Okay, thank you. It's obvious to me now I need to just spend the time and purchase some books and read up on the subject again. There's just been too much time I think that's passed since I last programmed. I remember taking a C programming class in college, advanced data structures, and there was another class. I don't remember if it was the advanced data structures class that dealt with stuff like linked lists and binary trees or if it was the third class. There was also an intro into C++ class I took but remember nothing from. Last time I had a job as a system programmer was back in 2005. That was over 10 years ago now and I guess I just need to relearn stuff. I've played with some small code since then, but nothing too complicated. I thought it'd all come back to me, like riding a bike, but unfortunately, the pointer stuff has been confusing me.

Thank you though for taking the time to help me. I appreciate it.

Originally Posted by migf1

...
The article says that when it was written, on x86 machines the sizeof an int was 4 bytes. It doesn't imply that this is always true.

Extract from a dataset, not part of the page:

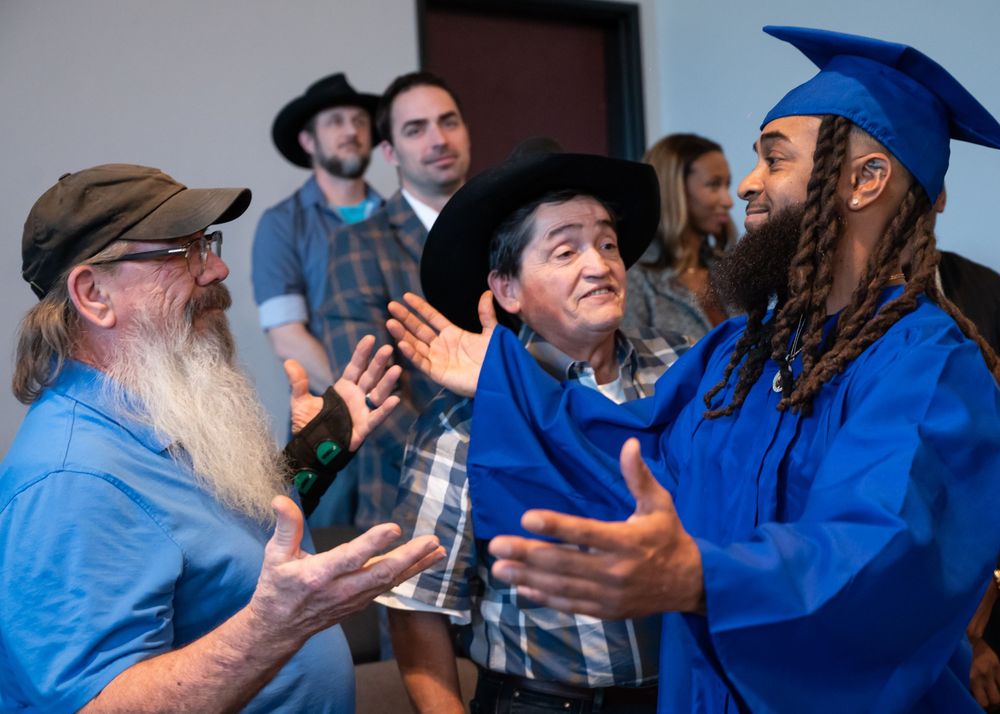 Graduate in blue cap and gown celebrating with guests at an indoor graduation ceremony.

Yeah, I didn't mean to imply that the article was implying that an int is always 4-bytes. I believe in the article, it actually tells you it might not be always 4-bytes. I remember when int on Windows was 2 bytes but in Linux, it was 4 bytes (or at least that's how I remember it). Let me try to rephrase my question.

If the size of a data type, like int, was 4-bytes on one system but 2-bytes on another, would that affect my code drastically? Would I have to do anything different when dealing with pointers? I try to use uint#_t, like uint8_t, when I need something that stores at least #-bits and when the size of the data type might matter. I don't know if this is a good practice or not though. I can't see where it could hurt anything, only help. But I've been out of the loop for some time now. I know it makes using printf and functions like printf a pain. I have to do stuff like,

Code:

    uint8_t my_age = 33;

    printf("Age: %" PRIu8 ".\n", my_age);

Perhaps there's a better way to do this and I just don't know the proper flag character?

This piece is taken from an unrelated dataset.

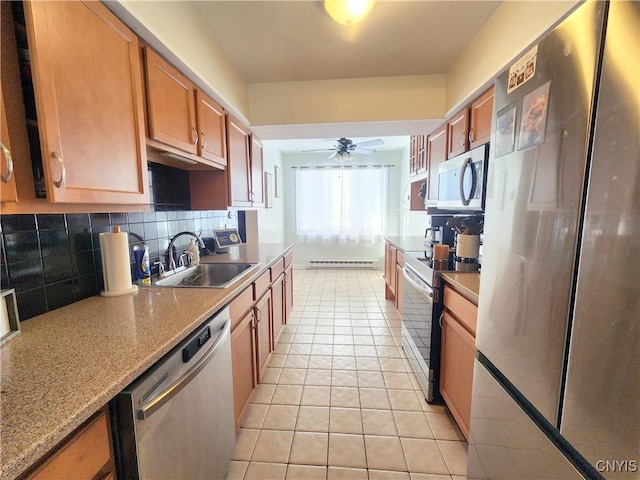 kitchen featuring light tile patterned floors, backsplash, a sink, stainless steel appliances, and baseboard heating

Originally Posted by migf1

...
Yeap, they are exactly the same. In C, the 1st example is more idiomatic (the 2nd example is more common in C++).



The above code defines ptr_a as a double pointer to int, and ptr_b is defined a simple int. Try to avoid code like that. It becomes more clear if you use separate lines:

Code:

int **ptr_a;
int ptr_b;

Okay, I understand, and yeah, it is a lot clearer when you use separate lines. I just needed to make sure I understood. Thank you.